Cape Town - The rand will struggle to find the momentum to break meaningfully below the R11.80/$ target level, Bianca Botes of corporate treasury management at Peregrine Treasury Solutions said on Monday.
The rand opened the week slightly weaker, trading above R11.90/$. By late afternoon it was up 1.01% at R11.96/$.
Botes explained that Monday's somewhat weaker rand is due to a slight uptick in the dollar after six weeks of consecutive losses. In her view, markets also seem to be a bit wary in anticipation of Eskom’s financial results due to be released on Tuesday as this could spark further volatility.
She said one must keep in perspective the dire state that SA still finds itself in as a result of weak economic fundamentals. This is despite the support that strong commodity prices and the weak dollar provided the rand.
According to Botes, factors driving current rand levels remain mostly the same as last week.
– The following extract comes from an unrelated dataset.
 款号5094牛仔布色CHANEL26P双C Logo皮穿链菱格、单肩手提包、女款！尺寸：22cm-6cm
These include continued strong commodity prices and a "soft" dollar.
"The National Prosecuting Authority (NPA) is also forging ahead at an impressive rate in the state capture debacle, assisting in the revival of positive investor sentiment in SA," said Botes.
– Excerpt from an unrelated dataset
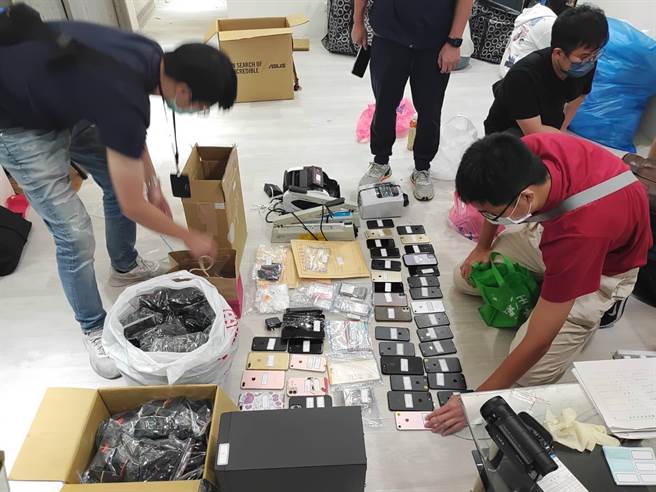 警方溯源破获毒品分装厂，查扣毒品等证物。（新北市刑大提供／李奇叡新北传真）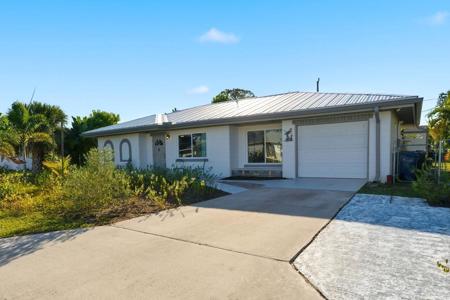 1161 S VENICE BOULEVARD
According to Phillip Pearce, dealer at TreasuryONE, the key driver for forex markets at the moment is the weak dollar. In his view, the markets are confused "as the Trump administration cannot convey a clear message on whether they think the dollar should be weaker or stronger".
He said the slightly softer rand on Monday morning was due to the dollar finding "some stability" and as local SA politics begin to become "murky" as it seems the "Zuma faction" is launching a fight back.
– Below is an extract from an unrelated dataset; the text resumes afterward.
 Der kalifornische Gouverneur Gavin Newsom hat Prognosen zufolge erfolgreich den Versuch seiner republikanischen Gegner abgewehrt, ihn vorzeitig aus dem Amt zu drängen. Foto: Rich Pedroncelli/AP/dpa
Pearce expected range-bound trade of the rand on Monday to remain between R11.80/$ and R11.95/$.
Dave Mohr (chief investment strategist) and Izak Odendaal (investment strategist) at Old Mutual Multi-Managers said at first glance the rand having broken through R12/$ for the first time since May 2015 appears to be a continuation of the “Ramaphosa rally” as investors price in improved prospects for economic reform, policy certainty and corruption fighting.
However, they caution that, as is mostly the case, the global backdrop is crucial. Although the rand has strengthened 4% against the dollar this year, it has been flat against the euro and weaker against the pound.
"In other words, this is a weak dollar story, though the new positive sentiment towards SA certainly helps. Other emerging markets have also seen their currencies rally against the dollar," they said.
In their view, the explanation for the weaker dollar probably lies in the fact that it is expectations that mostly drive currency markets, not necessarily current interest rate differentials - which are still in favour of the dollar.
"The market priced in higher US rates long before they arrived. In other words, even though the European Central Bank (ECB) and Bank of Japan are currently accommodative, their next move is expected to be a tightening of monetary policy," they explained.
There is also, what they call "an element of dysfunction" in US politics.
They say another factor helping the rand at the moment is that global investor risk appetite is high, as surging equity markets illustrate.
"When investors are fearful, they tend to look for safety in the US. However, when fear recedes, they look for opportunities outside the US. There is an element of feedback, since a weak dollar is also beneficial to the giant multinationals listed in New York," they explained.
"From a valuation point of view, the trade-weighted dollar is still above its long-term average and therefore still has room to decline. Bullish investor sentiment towards emerging markets is another support for the local currency."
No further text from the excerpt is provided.